But now we’ve looked at all the interpretive options and poked around all the major strands of tradition. What do I believe? Well, you ought to know that I’d rather be wrong with the likes of Augustine, Aquinas, Luther, and Calvin than right with anybody else. Not only is their interpretation the most well-represented in Christian tradition, but it just makes sense. It’s logical. It fits the Biblical narrative leading from genealogy to flood, and it addresses a constant theme in the Bible: don’t compromise your faith to fit into this world more comfortably (Deut 7:3, 2 Corinth. 6:14, Deut 16:21, etc). To be a true disciple of Christ, you can’t afford to compromise any part of the truth. You have to live your whole life in constant worship and obedience. Not only do I think this is a good interpretation, but I think it’s something that’s an important reminder as we try to live out our faith today. We live in a world that’s increasingly secular. Our culture is more than happy to accommodate Christians that are willing to compromise on the things that they believe. If you’re willing to make a few concessions, you’ll fit in easier. You’ll be the “right kind” of Christian. Your life will be significantly attractive on the outside. If you don’t? Well, things might get difficult.
As people made in the image and likeness of God, we can’t afford to compromise truth for temporary gain. After all, we know truth itself in the person of Jesus Christ. The only way for us to live well is to hold fast to truth and to continually honor God, rather than ourselves.

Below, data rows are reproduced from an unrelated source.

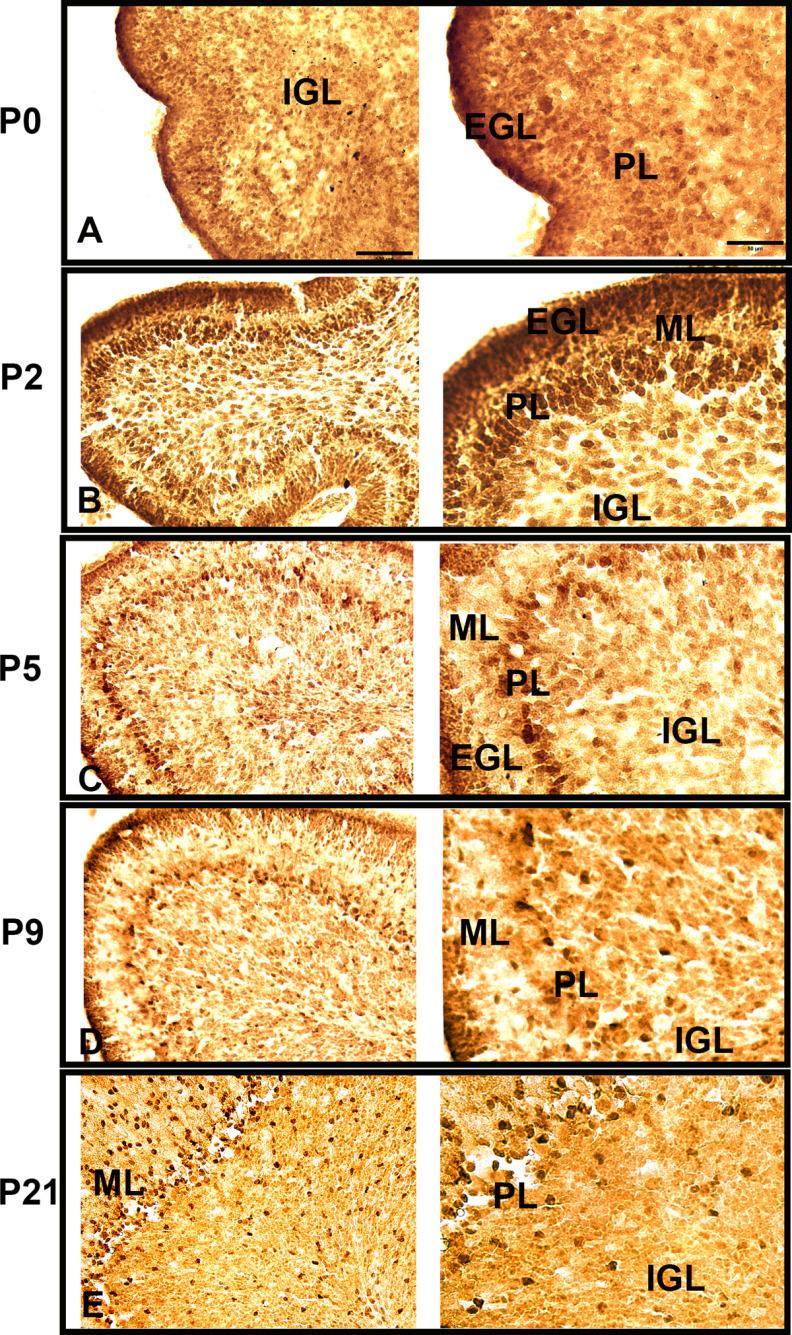 https://cdn.ncbi.nlm.nih.gov/pmc/blobs/7bd2/8174006/106dc2d2400f/ENEURO.0011-21.2021_f004.jpg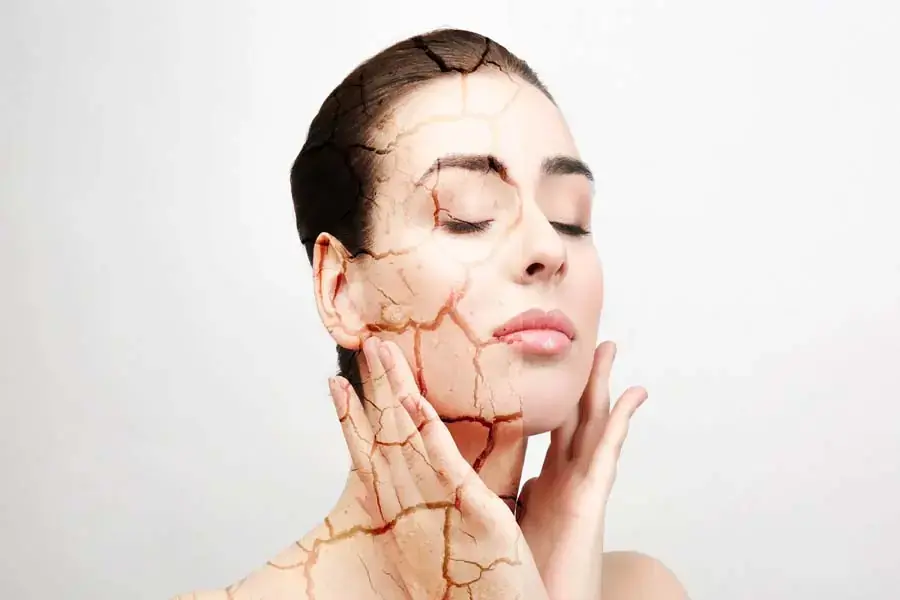 Da khô và thiếu sức sống là tác hại của máy lạnh với da (nguồn: affderm.com)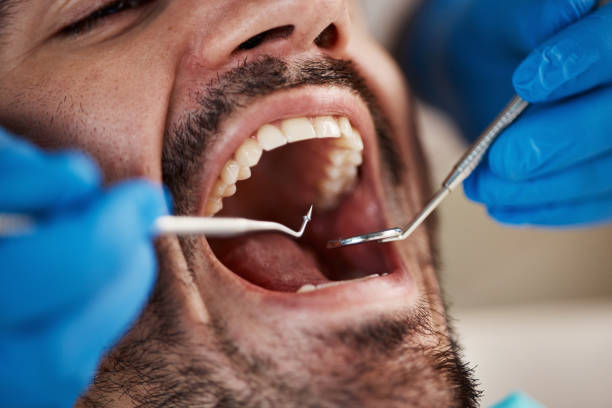 Best Emergency Wisdom Teeth Removal in Marshville, NC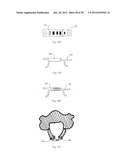 Universal laminoplasty implant diagram and image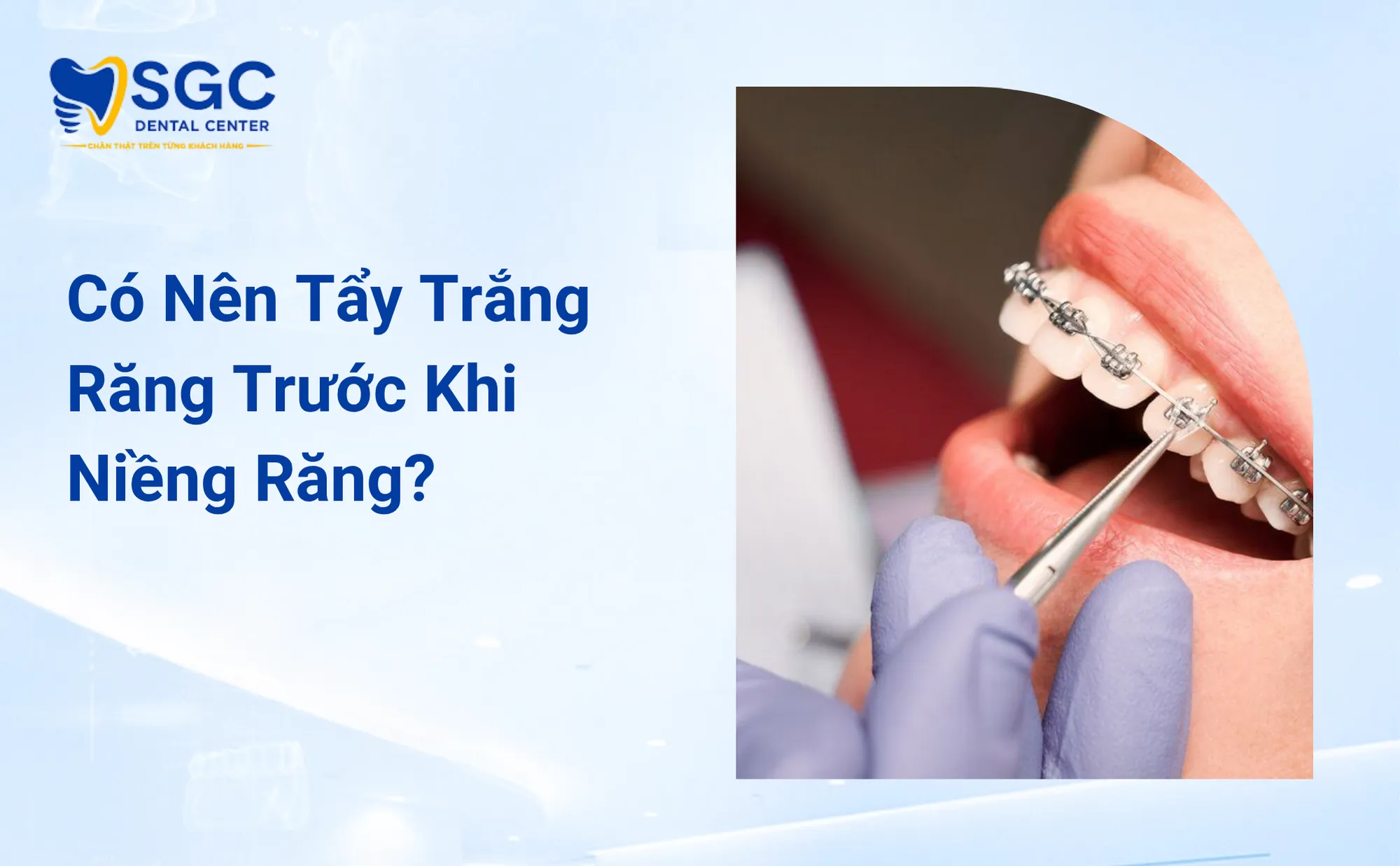 Có Nên Tẩy Trắng Răng Trước Khi Niềng Răng Thời Điểm Vàng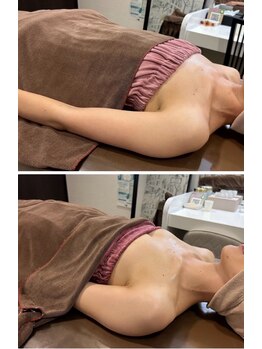 ロココ 豊田店(Rococo)/ビフォーアフター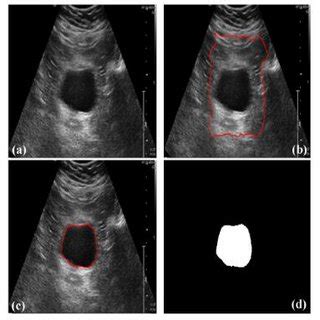 PDF Overview Of Segmentation X Ray Medical Images Using Image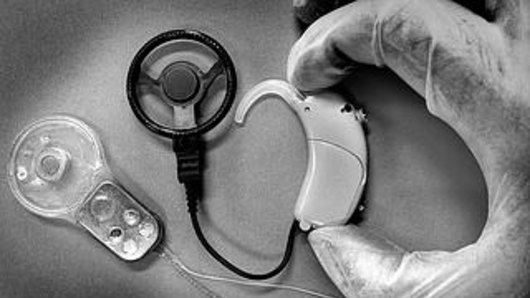 Cochlear is being sued over four process patent infringements, which have expired since the court case began.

That’s my take! But rather than end on a dramatic note, I’ll end with some humility. It’s a tough passage! If you think I missed something or want to dig around on your own, check out some of the resources below! See what you think! Either way, wrestle with those tough verses when you find them. If all Scripture is useful for teaching, rebuking, correcting, and training in righteousness, sometimes we have to do a little bit of wrestling to see what God is saying.